__Task to carry out__.
All of the data that follows is to be printed exactly, without pictures.

__The data__.

________

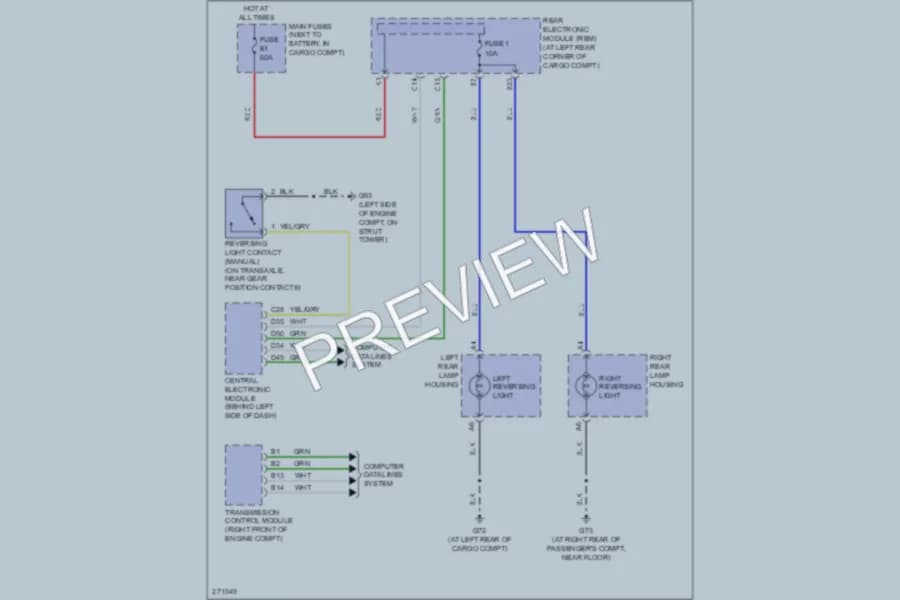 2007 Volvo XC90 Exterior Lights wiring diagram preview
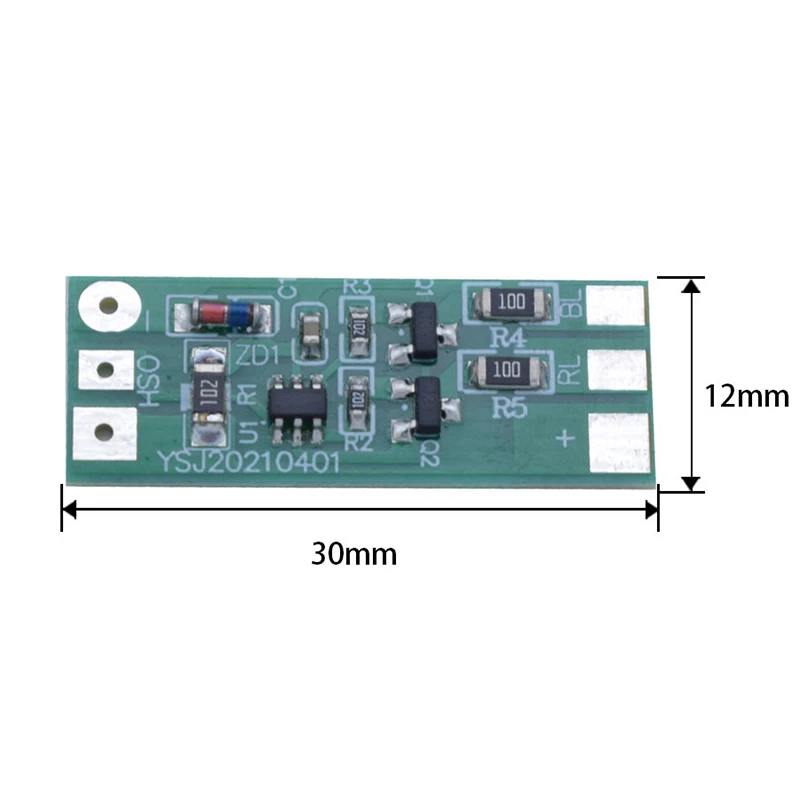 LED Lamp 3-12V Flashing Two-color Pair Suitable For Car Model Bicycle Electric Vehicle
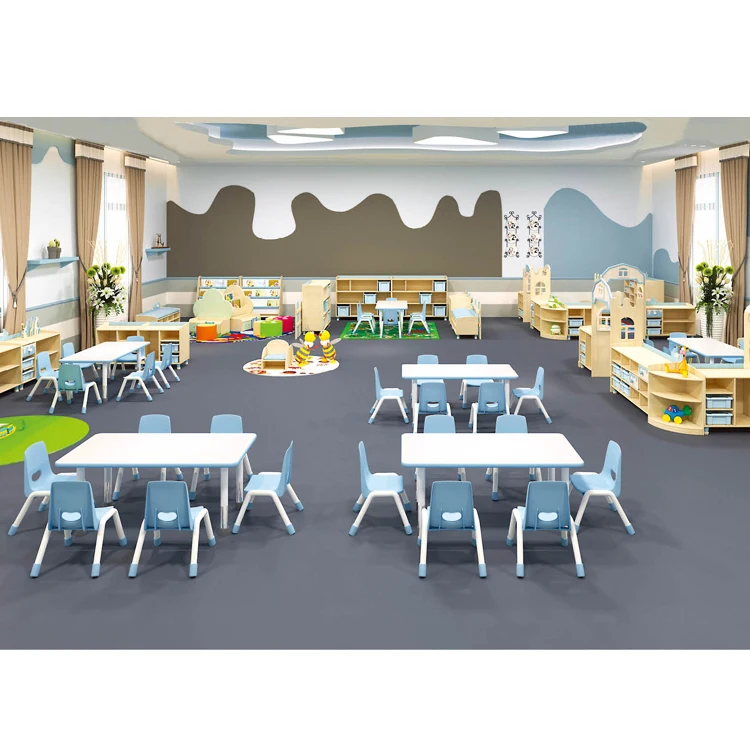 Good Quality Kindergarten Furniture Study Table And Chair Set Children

________

__Exercise answer__.
 2007 Volvo XC90 Exterior Lights wiring diagram preview
 LED Lamp 3-12V Flashing Two-color Pair Suitable For Car Model Bicycle Electric Vehicle
 Good Quality Kindergarten Furniture Study Table And Chair Set Children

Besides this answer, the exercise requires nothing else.